Because Stone is actually thinking about mechanisms, how stuff works – you know, like, reality – he’s stumbling upon somewhat profound and interesting things.  To harken back to the theme of this article, I found this very surprising.  I didn’t expect to hear insight on the human condition from the guy who worked on Spore.

I thought back to when Annika said something along the lines of “I’m not a person who cares about math”.

So maybe this was my big narrative for the event.  It showed two realities, two ways of viewing the world.  You have your Stone Librandes, your Richard Garfields and your Dan Cooks, who are all trying to offer up real solutions to real problems, and you have your Doug Wilsons, your Tracy Fullertons and your Chris Bells, who are… doing something else.  To be charitable, they are, I suppose, trying to make sure everyone’s keeping an open mind about creativity in general, and that’s certainly a good message.

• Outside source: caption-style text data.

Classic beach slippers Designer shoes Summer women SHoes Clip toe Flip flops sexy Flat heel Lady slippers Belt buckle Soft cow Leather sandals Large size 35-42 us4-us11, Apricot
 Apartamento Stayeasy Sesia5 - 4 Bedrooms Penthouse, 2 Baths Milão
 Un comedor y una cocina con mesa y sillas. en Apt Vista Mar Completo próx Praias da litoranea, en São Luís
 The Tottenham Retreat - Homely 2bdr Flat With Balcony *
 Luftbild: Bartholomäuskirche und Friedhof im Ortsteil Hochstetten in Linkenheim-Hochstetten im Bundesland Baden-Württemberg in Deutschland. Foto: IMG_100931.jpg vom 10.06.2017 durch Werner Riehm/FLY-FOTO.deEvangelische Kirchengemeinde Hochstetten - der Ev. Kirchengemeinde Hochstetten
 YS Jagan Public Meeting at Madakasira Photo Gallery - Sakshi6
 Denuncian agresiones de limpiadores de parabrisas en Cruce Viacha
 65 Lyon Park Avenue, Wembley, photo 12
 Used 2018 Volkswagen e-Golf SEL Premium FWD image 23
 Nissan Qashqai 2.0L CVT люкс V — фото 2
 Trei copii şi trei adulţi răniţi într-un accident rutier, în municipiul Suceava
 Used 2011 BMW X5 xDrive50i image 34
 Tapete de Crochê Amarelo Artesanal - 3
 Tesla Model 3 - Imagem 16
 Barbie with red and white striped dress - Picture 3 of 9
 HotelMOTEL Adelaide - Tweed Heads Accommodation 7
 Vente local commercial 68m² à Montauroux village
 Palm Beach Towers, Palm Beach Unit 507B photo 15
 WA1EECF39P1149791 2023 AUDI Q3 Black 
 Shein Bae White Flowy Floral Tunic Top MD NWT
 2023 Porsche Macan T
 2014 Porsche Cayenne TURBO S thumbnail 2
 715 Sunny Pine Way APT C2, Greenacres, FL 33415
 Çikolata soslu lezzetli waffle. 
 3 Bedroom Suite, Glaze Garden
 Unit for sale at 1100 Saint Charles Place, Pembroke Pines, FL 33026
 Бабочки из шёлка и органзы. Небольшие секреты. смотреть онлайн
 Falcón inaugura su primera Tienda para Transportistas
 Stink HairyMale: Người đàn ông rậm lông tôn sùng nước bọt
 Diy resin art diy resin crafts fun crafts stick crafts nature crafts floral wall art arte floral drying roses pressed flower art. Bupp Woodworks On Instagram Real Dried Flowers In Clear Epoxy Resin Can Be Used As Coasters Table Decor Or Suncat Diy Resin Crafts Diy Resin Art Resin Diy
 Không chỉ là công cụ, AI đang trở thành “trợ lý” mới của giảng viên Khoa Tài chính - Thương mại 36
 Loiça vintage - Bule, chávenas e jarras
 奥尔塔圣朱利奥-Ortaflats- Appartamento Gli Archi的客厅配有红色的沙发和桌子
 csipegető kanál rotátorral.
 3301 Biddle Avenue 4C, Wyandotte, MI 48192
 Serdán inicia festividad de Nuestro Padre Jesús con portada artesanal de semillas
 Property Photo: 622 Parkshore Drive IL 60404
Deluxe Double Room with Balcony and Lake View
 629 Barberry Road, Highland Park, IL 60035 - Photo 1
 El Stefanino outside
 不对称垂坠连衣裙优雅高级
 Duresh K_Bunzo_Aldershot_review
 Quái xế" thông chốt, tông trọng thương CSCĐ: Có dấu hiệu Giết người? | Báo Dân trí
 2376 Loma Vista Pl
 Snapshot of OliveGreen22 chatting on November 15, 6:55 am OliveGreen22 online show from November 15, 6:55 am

Perhaps I’m biased, because I’m clearly in the first camp.  But there’s something to be said for the fact that this is an event where people express ideas, and ideas can and should be judged by how much utility they have.  Wishywashy ideas, such as Chris Bell’s “who knows, anything could work, you never know” approach don’t really even need to be said.  They are already implicit, it would seem to me – a default starting point, upon which we build a sophisticated network of “ifs” and “thens” which lead us to become skilled craftsmen.

And perhaps this isn’t the only divide.  Quite possibly, every individual who attended left with his own unique view of what the divides – if any – were.  This was the second year of PRACTICE, and I’d say that overall, it was an improvement on the first year.  I wholly recommend that anyone serious about game design should look into it. If next year was even better, it wouldn’t surprise me.